Ale teraz ma nadejść wielki czas szukania dla tych wszystkich milionów, które są zupełnie zgubione w śmierci, żeby ludzie ci byli znalezieni i zbawieni. A gdzie zostaną oni znalezieni? Wbrew przeciwnym teoriom ludzkim Pismo Święte jasno naucza, że w śmierci istota ludzka ulega rozkładowi, że niszczeje, jest wymazywana z egzystencji i nigdzie nie można jej znaleźć. Mając ten fakt na uwadze, moglibyśmy zapytać razem z prorokiem Ijobem: „Gdy człowiek umiera, czy znowu ożyje?”. Coś takiego wydaje się ludziom całkiem niemożliwe, ale „dlaczego uważacie za rzecz nie do wiary, że Bóg wzbudza umarłych?” (Dz. Ap. 26:8). Ten, który potrafił stworzyć, może też odtworzyć tych całkowicie zniszczonych. Przez proroka Izajasza Pan mówi o restytucji jako o nowym stworzeniu: „Oto Ja stworzę nowe niebo i nową ziemię” – nie fizyczną ziemię, bo ta trwa na wieki (Kazn. 1:4) – lecz odtworzona ma być ludzkość. I Pan mówi: „Będą się radować i weselić po wszystkie czasy z tego, co Ja stworzę” (Iz. 65:17,18). Tego, że przywrócone i odtworzone istoty rozpoznają siebie i swoich bliźnich, których wcześniej znali, bezsprzecznie dowodzą liczne wersety (Ezech. 16:61,63; 20:43; 36:31; Zach. 12:10; Ps. 22:28) oraz ilustrują te przykłady, w których umarli zostali do pewnego stopnia wskrzeszeni, jak Łazarz i inni.
Ijob odpowiada bardzo jasno na nasze pytanie, gdy stwierdza: „Bo teraz w prochu ziemi się położę, a gdy mnie będziesz szukał [poranek zmartwychwstania albo restytucji], NIE BĘDZIE MNIE” (Ijoba 7:21) – będę zniszczony, wymazany z egzystencji. Niemniej jednak, choć unicestwiony w ten sposób, mówi: „Wtedy będziesz wołał, a ja ci odpowiem” (Ijoba 14:15).
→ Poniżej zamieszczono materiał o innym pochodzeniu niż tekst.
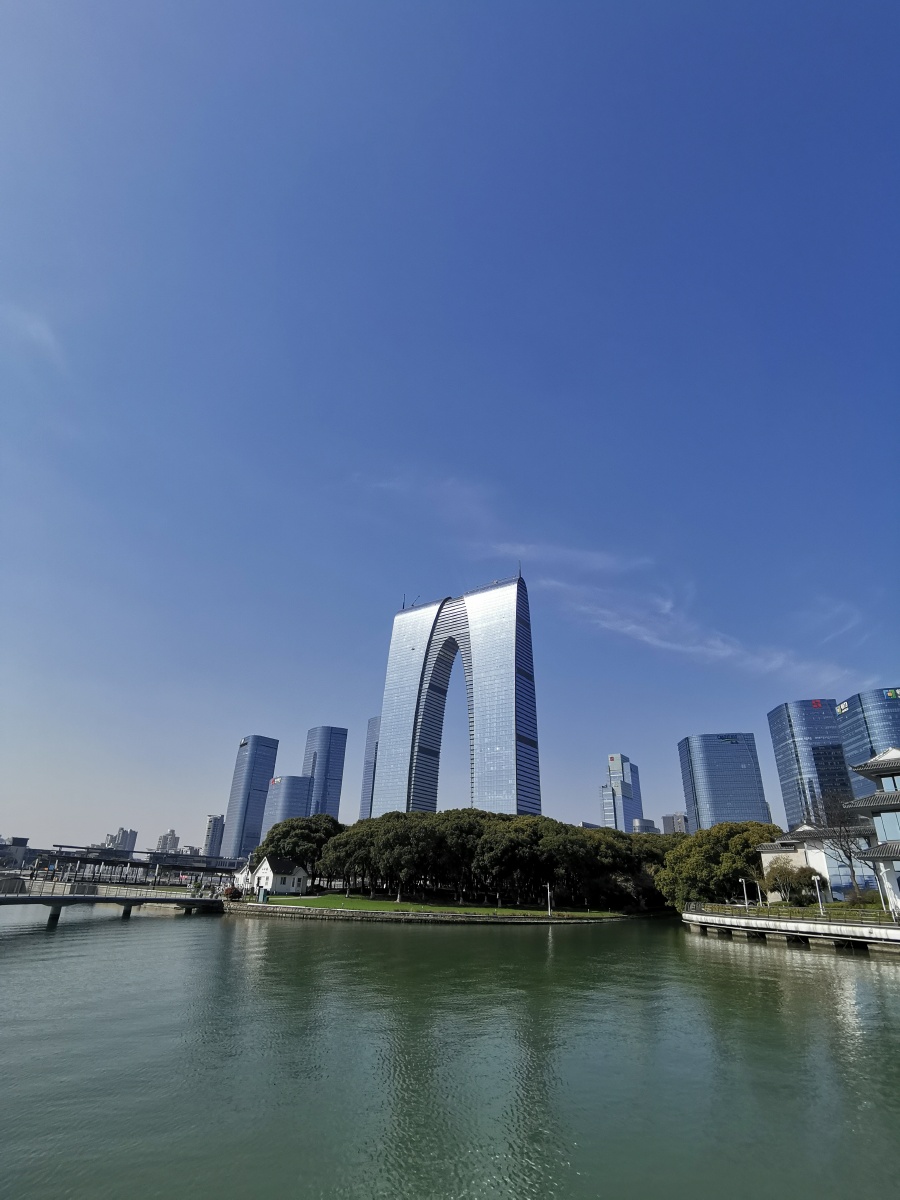 金鸡湖边东方之门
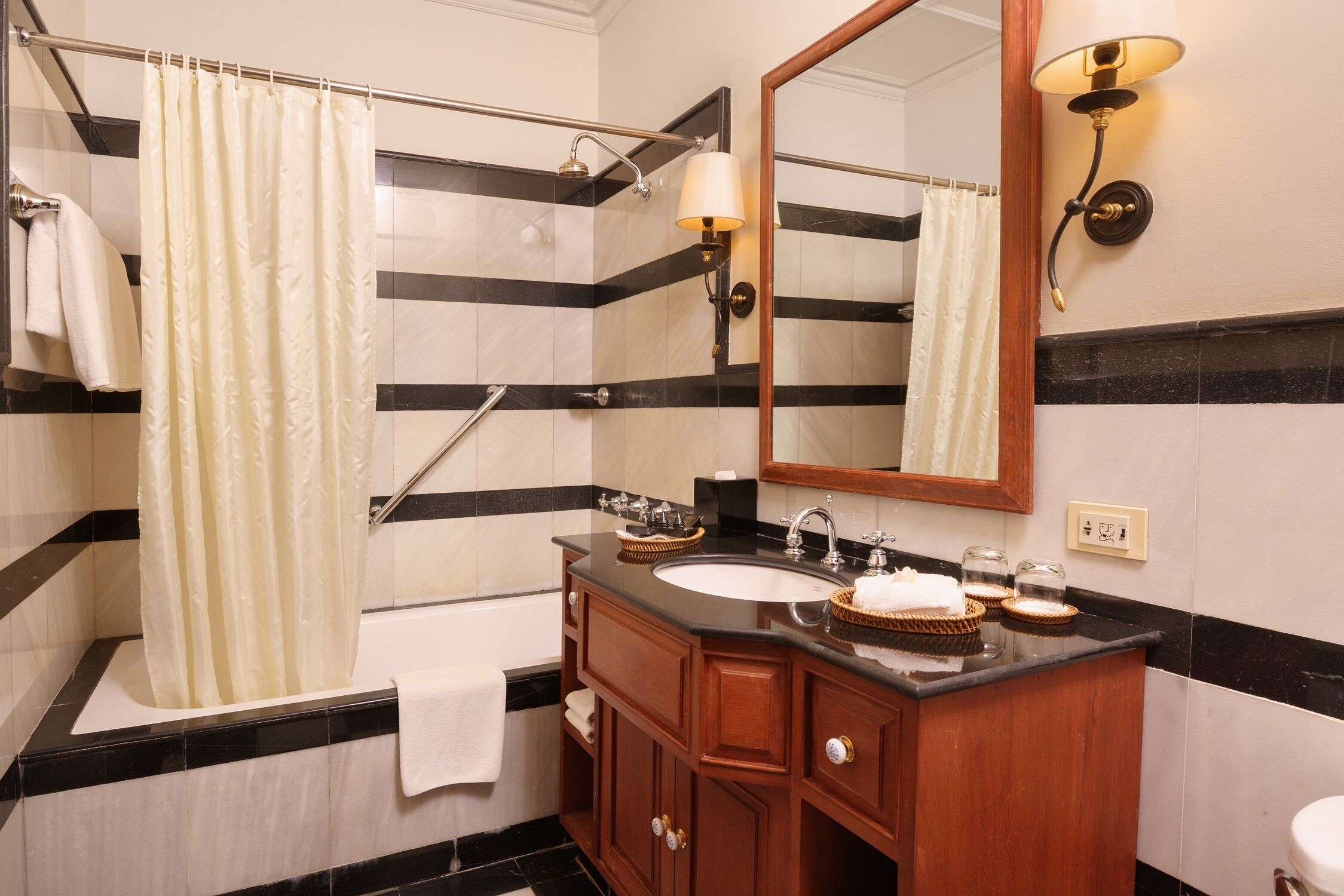 superior room, 1 king bed | bathroom | separate bathtub and shower, deep-soaking bathtub, free toiletries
Podobnie jak Łazarz, na zawołanie Jezusa miliony zmarłych z ziemi wydostaną się, by istnieć. Dawid oznajmia tę samą prawdę, gdy powiada: „Ty znowu człowieka w proch obracasz i [potem] mówisz: Wracajcie, synowie ludzcy!”. A wraz z nim musimy powiedzieć: „Błogosław, duszo moja, Panu; On ratuje od zguby życie twoje” (Ps. 90:3, 103:1,4). Och, żeby tak cały świat mógł już teraz uświadomić sobie doniosłość znaczenia tych słów naszego Pana: „Przyszedł bowiem Syn Człowieczy, aby szukać i zbawić to, co zginęło”. Podczas pierwszego przyjścia wielką prawdą do uzmysłowienia było to, iż plan Boży rozwinął się dotychczas tak dalece, że obiecany Mesjasz rzeczywiście przyszedł, by zbawić ludzi poprzez swoją ofiarę; ale jeszcze bardziej chwalebne jest zdawać sobie obecnie sprawę z tego, że nasz Pan przychodzi po raz drugi, aby zastosować zyski z tej ofiary, aby zażądać i odnowić nabyte przez siebie posiadłości oraz rzeczywiście i kompletnie zbawić to, co zginęło.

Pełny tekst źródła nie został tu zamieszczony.